Was ist ein guter Vorsatz?

Ein Vorsatz ist eine Absicht (*). Das hört sich gut an.Also nach vorne schauen und etwas unternehmen. Was will man unternehmen? Formulierungen wie "Irgendwie muss ich da etwas ändern" helfen nichts, das weiß man selbst.

Zu einem Vorsatz gehören zwei Dinge (*):

1. eine Zielabsicht (Im nächsten Jahr will ich am städtischen Marthonlauf teilnehmen).
2. Eine ausformulierte Umsetzung. Diese beinhaltet:

  • Ort
  • Zeit
  • Art und Weise der Handlung.

Vor den Erfolg haben die Götter ...

Das hört sich anfangs etwas kompliziert an. Der gute Vorsatz allein reicht also nicht aus, so sagen die Fachleute. Zu einer erfolgreichen Strategie gehört noch eine beabsichtigte Zielerreichung mit action points. Sonst wird das schon im Ansatz nichts mit den guten Vorsätzen.

Im Prinzip und im Detail muss der Mensch sich also Zeit nehmen, sich in eine stille Ecke setzen und sagen "Im nächsten Jahr will ich <das und das> erreichen. Aufschreiben ist noch besser.
Stimmt das auch? Die Experten sagen Ja. Forscher haben Experimente zum Thema Gesundheitsverhalten unternommen und diese Aussagen wurden bestätigt (*).

Also: einen Vorsatz für das neue Jahr mit einem konkreten Ziel und Durchführungsplan zu versehen verspricht gute Chancen, dass der Vorsatz in der Durchführung erfolgreich wird.

Jubel (Bild: geralt)

Motivation bewegt

In der ersten Folge der Fernsehserie "Shogun" fragt der Kardinal den Missionar: "Wofür brennst Du?". Das ist eine gute Frage. Sie führt uns zum Thema der Motivation.

Was treibt dich an? (Bild: Skeeze)

Warum macht der Mensch so etwas - sich Vorsätze für das neue Jahr vorzunehmen?

"Bedürfnisse" sind die magischen Triebkräfte hinter unserer Motivation. Der Ausdruck ist ein paar Überlegungen wert, denn Bedürfnisse bestimmen unser Leben in ganz wesentlicher Art und Weise.
Aus der Schule oder von der Uni erinnert man sich an die Bedürfnispyramide von Maslow.
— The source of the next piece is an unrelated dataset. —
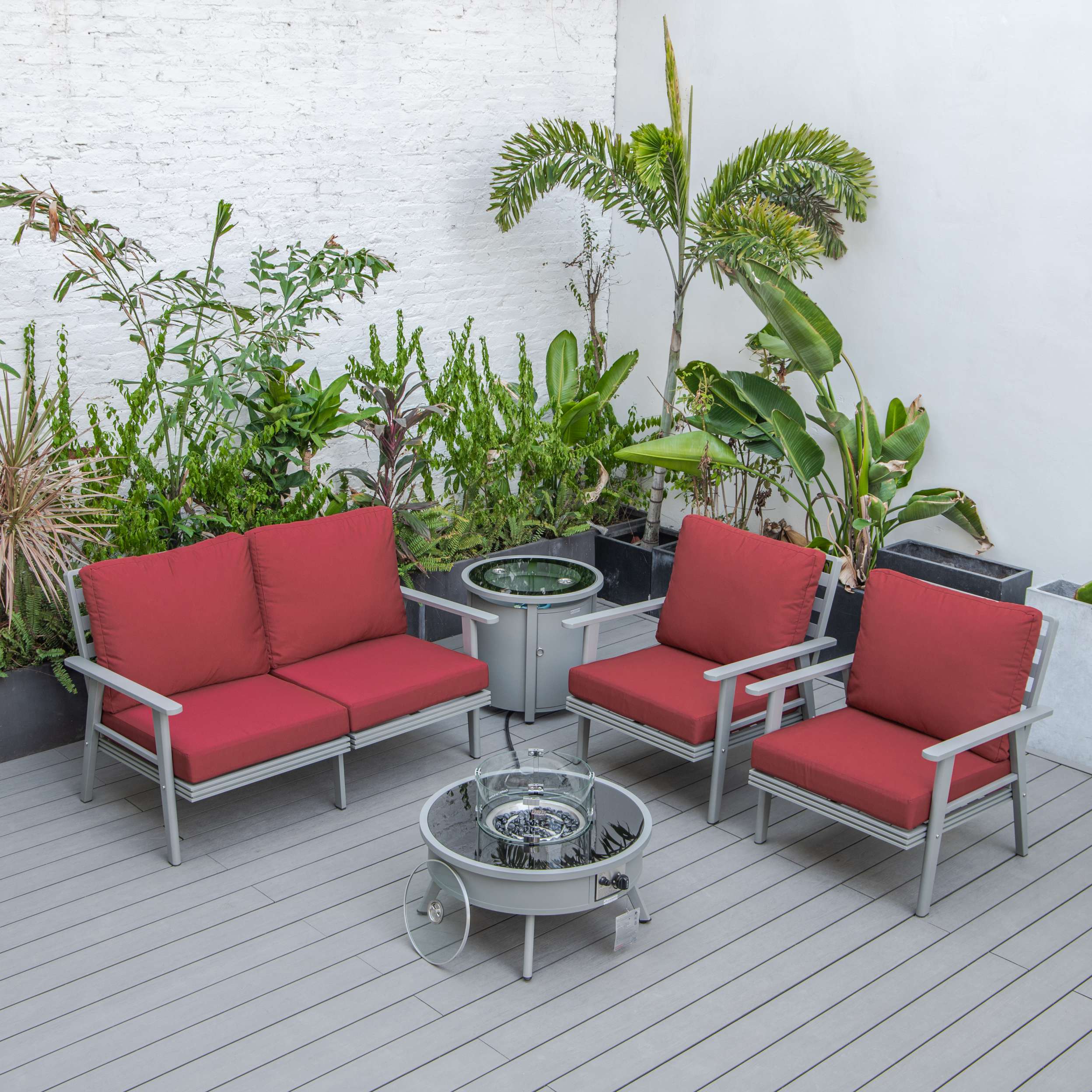 LeisureMod Walbrooke Modern Grey Patio Conversation With Round Fire Pit & Tank Holder - Image 57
Dabei geht es eingangs um die wirtschaftlichen Grundbedürfnisse, die ein jeder Mensch hat:
Essen, Wohnen, Kleiden.

Aber die Story von der Motivation fängt schon sehr viel früher in unserem Leben an – als Baby. Neugeborene zeigen immer die gleichen frühkindlichen Reflexe - saugen und greifen (*).
Diese "Triebe" sind uns angeboren, sie sind genetisch verankerte – Instinkte.
6000 Reflexe hat die Wissenschaft bisher katalogisiert (*), eine erstaunliche Zahl.

Im Gleichgewicht bleiben

6000 Baby Reflexe erklären immer noch nicht die Ursache für die entsprechenden Handlungen des erwachsenen Menschen bzw. die Motivation dazu. Man muss also eine Schicht tiefer im menschlichen Verhalten suchen.
Es folgte eine Theorie des physiologischen Gleichgewichtes (*). Physiologie ist, vereinfacht gesagt, die Lehre von den Vorgängen im Körper. Wenn es kalt wird, dann hat der Körper die Tendenz, den Wärmehaushalt auszugleichen usw. .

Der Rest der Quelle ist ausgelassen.